Jim: That is on the corner of Polk and Bloodworth.

Peter: That was the Makepeace house that they...

Jim: I am not sure of the address on the corner of Bloodworth and Polk. It faces Polk Street.

Dixie: Right across the street.

Jim: It is right across the street from 325, the house that we renovated. It is a one story home now.

Dixie: Another interesting thing I can remember about Billy Makepeace, they had been in school together, Bob and Jim, and Billy Makepeace, and I had found a book when we were going through some boxes of books, with Billy Makepeace’s name on it, so when we moved back to Oakwood, I saw him one day and I said, “wait, I’ve got something I want to give back to you.” I gave him the book that Jim had had for years and years I am sure. He was really surprised to get back a childhood book.

Peter: Tell me about Murphy School.

Jim: Well, it was a fairly typical school, I think. It went from first grade to seventh grade. I don’t remember probably 3 or 400 students at the most there. I had great teachers and enjoyed all of them and know all of the names of them now. There was an interesting thing that happened when I was in the third grade. I was in Mrs.
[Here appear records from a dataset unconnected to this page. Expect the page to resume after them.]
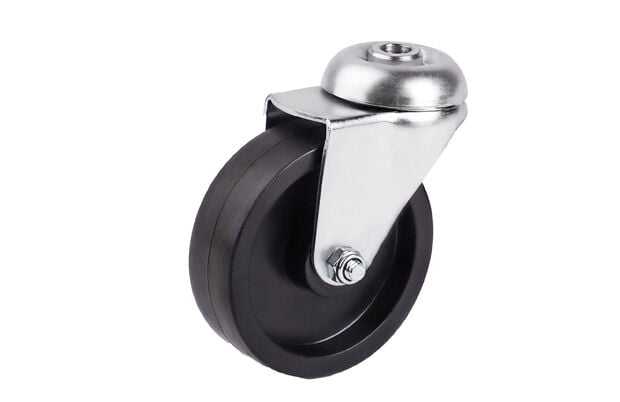 75 *25 mm Boş Geçme Bağlantılı Siyah MMB Teker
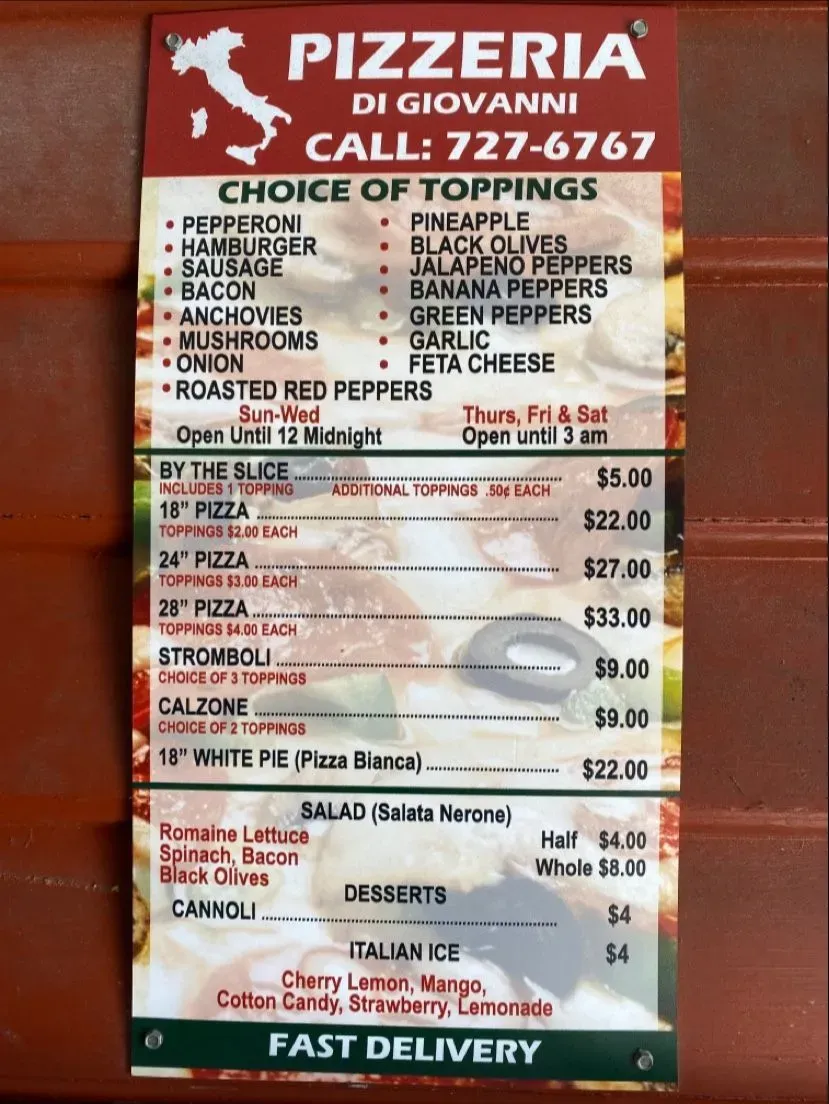 Menu 5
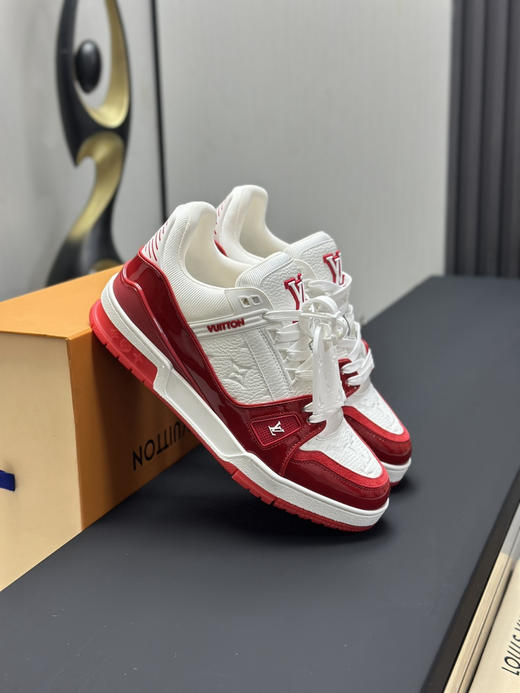 春季特惠💰650 LV 公司级 # 驴牌 Trainer 低帮休闲板鞋 商品图3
Thomas’s 3rd grade class, and she put on a play in the theatre that’s now been renovated at Murphy School. I played a part in a little skit that was my first chance to get on stage. I had a singing line. I had to sing a little part... Let’s see if I can remember how it went. It said, it was Cinderella and I had to sing this line, “dear Cinderella will you marry me.” and Cinderella sang back, “yes, my Prince Charming, and happy I will be.”

Peter: This all foretells the music careers of your two sons...

Jim: That was the beginning and the end of my stage career.

Dixie: I also remember on a side from Murphy’s School, when we first moved back to Raleigh, we lived in the Raleigh town apartments. One of the ladies that lived there had been principal of Murphy School many, many years ago. She was in her 90’s. She told us all the things that went on at Murphy School. Do you remember the lady, I can’t think of her name now?

Jim: The teacher, the one that I had?

Dixie: No, she wasn’t a teacher you had, it was the one that lived in the apartment, remember and if the electricity went off, she would call me to make sure I was up on time to get to school, cause she knew I was teaching school. She also said to us one time, remember I asked her if she played bridge with anyone in the apartments and she said “no, they were all too old for her.” she just couldn’t put up with those old people.

Peter: Okay, was this lady living in Oakwood?

Dixie: She had taught at Murphy’s School and was principal.

Peter: Do you remember her name?

Dixie: No, I am sorry, I can’t remember her name.

Peter: Mrs. Emma Conn was the principal there, and there was another school named after her later. Her sister was the librarian. Her name was Mrs. Walker. They were pretty formidable people, you didn’t cross them, and they were pretty stern.

Jim: I served on the school safety patrol while I was there; it was an honor to get to be on the safety patrol. I had a lot of good memories going to Murphy’s School.

Peter: How did your parents decide to be in Raleigh and live where they did?

Jim: Well, at the time my father was working for the railroad and he was working for the railroad in Portsmouth, VA and an opportunity came up for him to manage the railroad company store and so he moved back to this area.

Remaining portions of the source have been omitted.